» **Dataset content**:
+===+
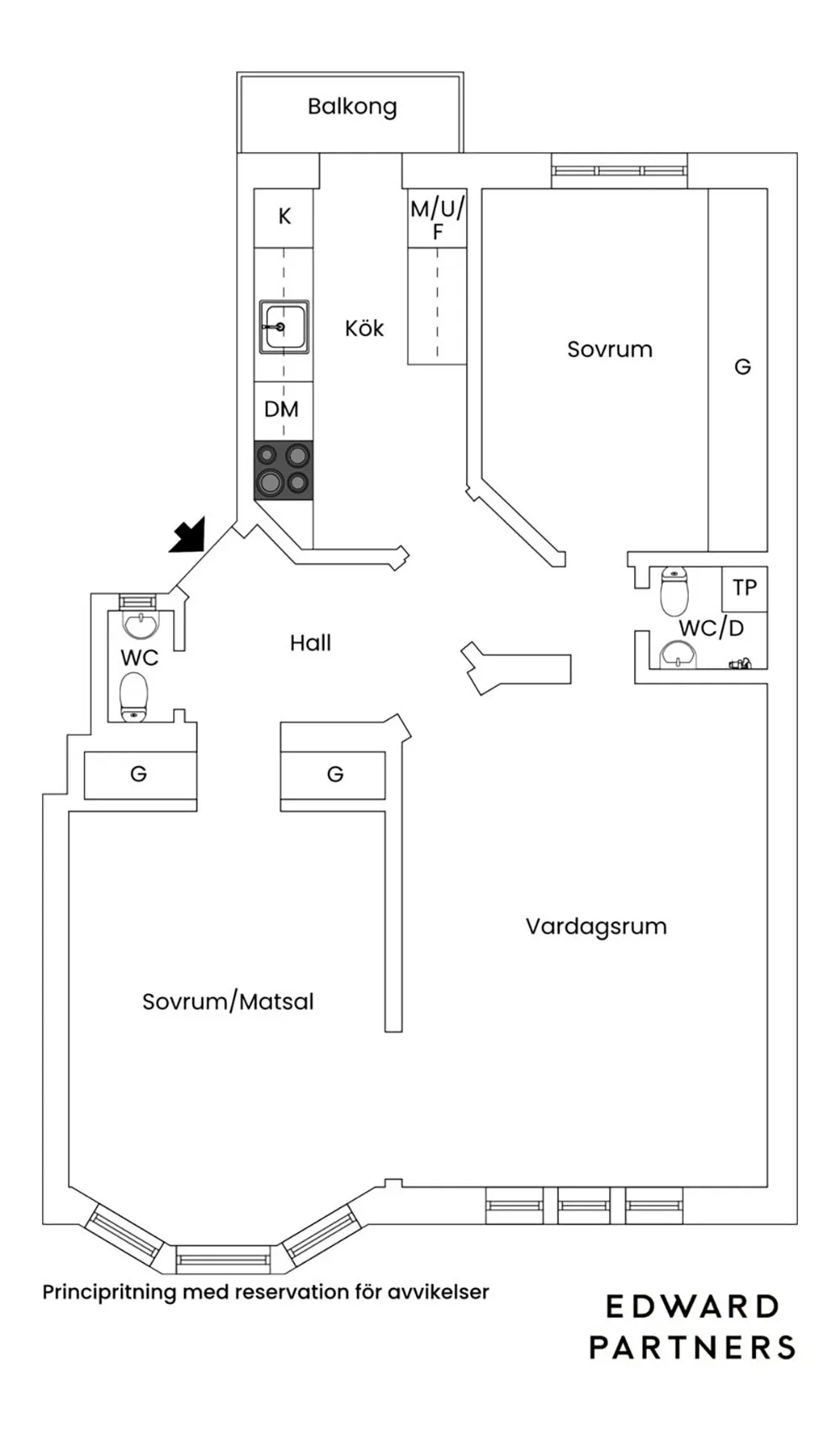 Темний під і біла меблі: квартира в Стокгольмі (90 кв. м) - Gallery image 31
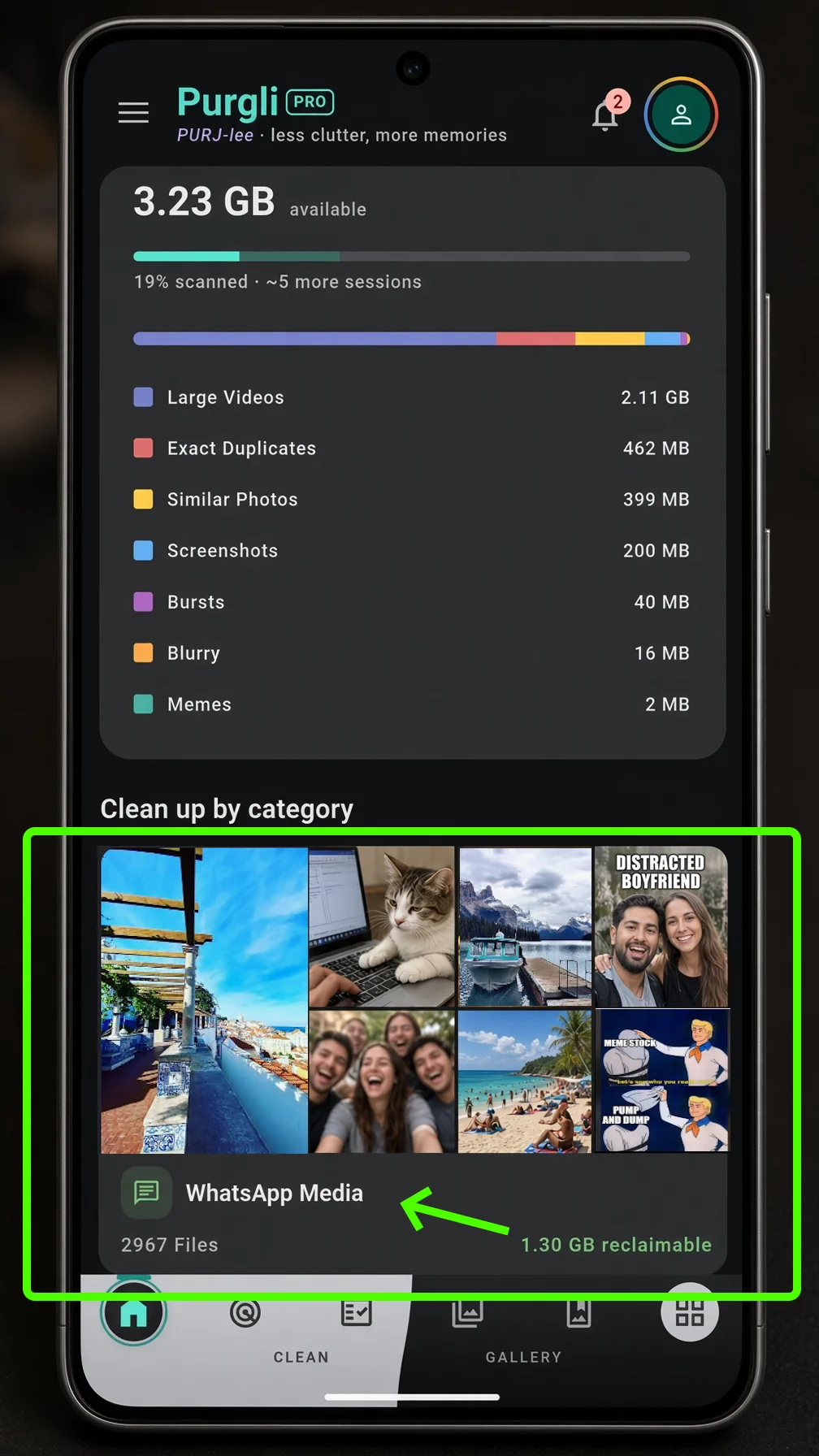 Purgli Home with WhatsApp Media under Clean up by category, showing reclaimable space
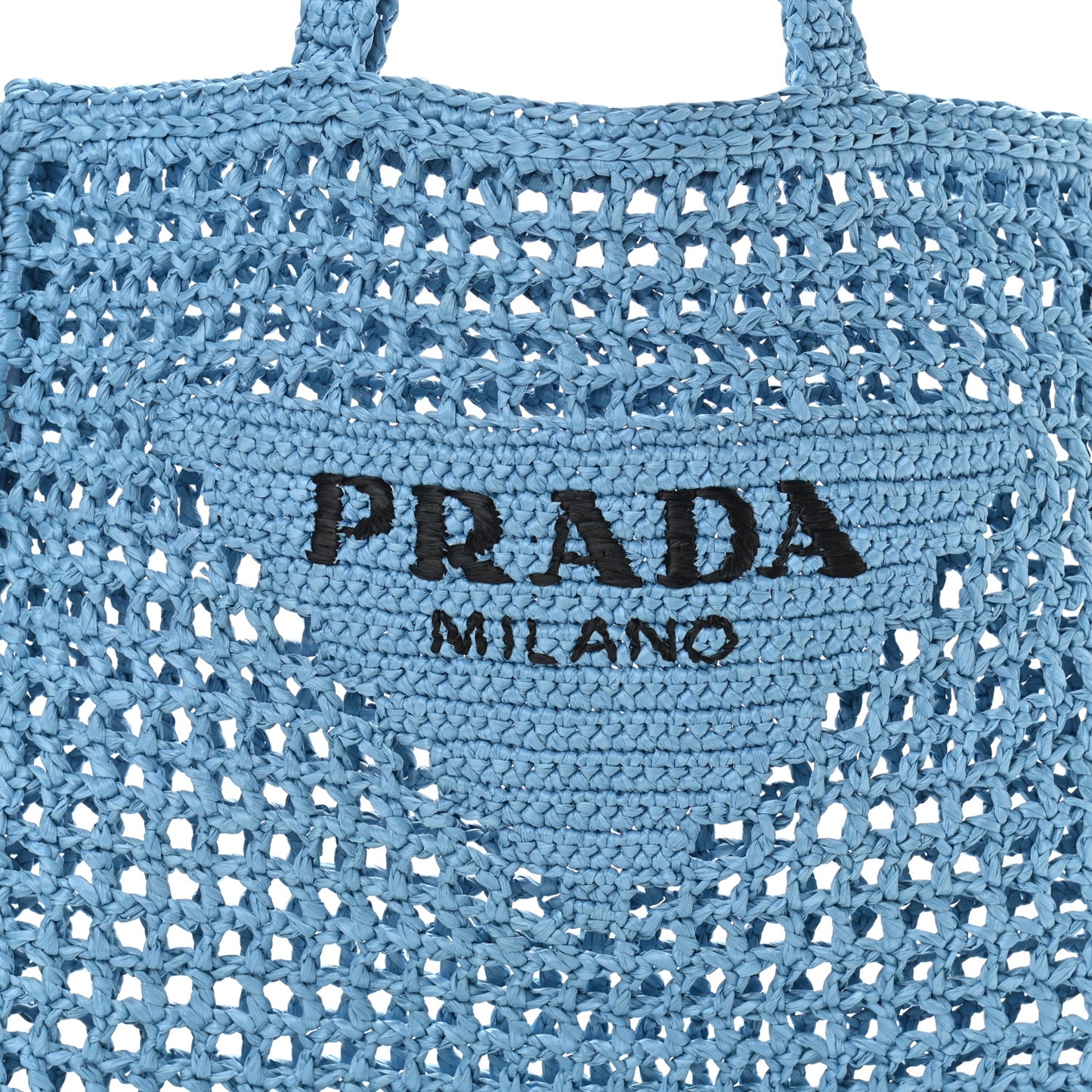 Yarn Raffia Effect Crochet Logo Embroidered Tote Bag Celeste
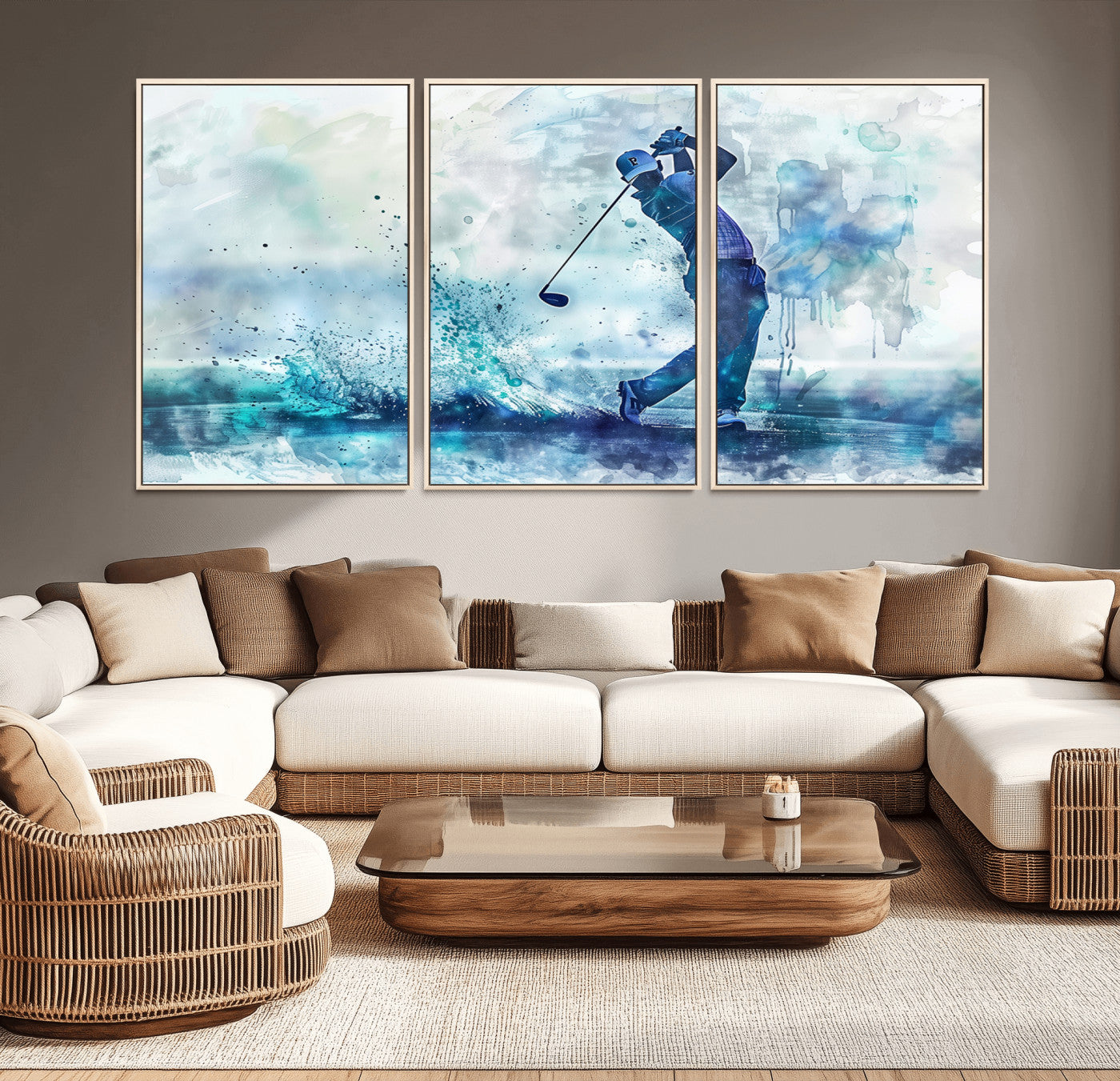MGV-FC-60X30-3P - Golf Swing Wall Art Canvas Print - Sports-Inspired Watercolor Decor - Ready to Hang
+===+
» **Goal of the exercise**:
In your reply, please print exactly the lines from the one with "Yarn Raffia Effect" through the final line of the listing above, both included, and no pictures.

» **Response to the task**:
 Yarn Raffia Effect Crochet Logo Embroidered Tote Bag Celeste
MGV-FC-60X30-3P - Golf Swing Wall Art Canvas Print - Sports-Inspired Watercolor Decor - Ready to Hang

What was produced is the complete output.